─── Data block ───
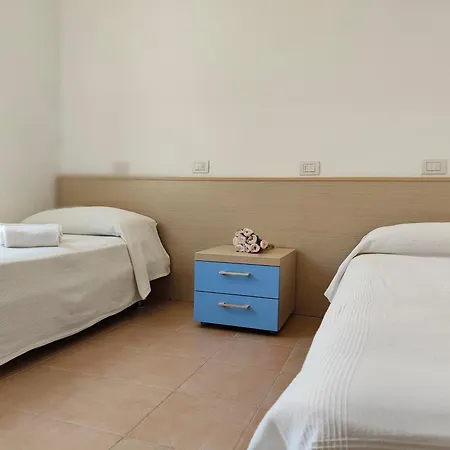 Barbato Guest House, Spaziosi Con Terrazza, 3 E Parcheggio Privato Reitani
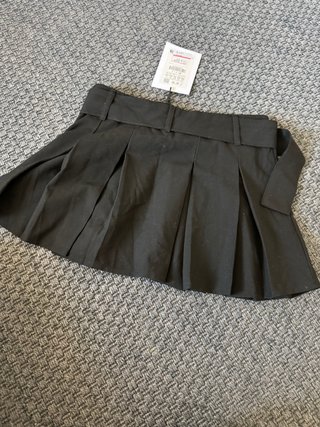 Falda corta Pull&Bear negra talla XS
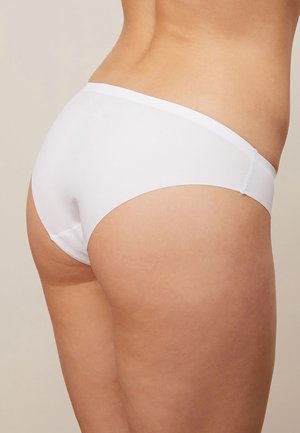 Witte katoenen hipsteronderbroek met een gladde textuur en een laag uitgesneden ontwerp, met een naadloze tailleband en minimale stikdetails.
───
Your assignment: Only the text of the material belongs in your copy, which must match the original exactly.

Response to this exercise:
 Barbato Guest House, Spaziosi Con Terrazza, 3 E Parcheggio Privato Reitani
 Falda corta Pull&Bear negra talla XS
 Witte katoenen hipsteronderbroek met een gladde textuur en een laag uitgesneden ontwerp, met een naadloze tailleband en minimale stikdetails.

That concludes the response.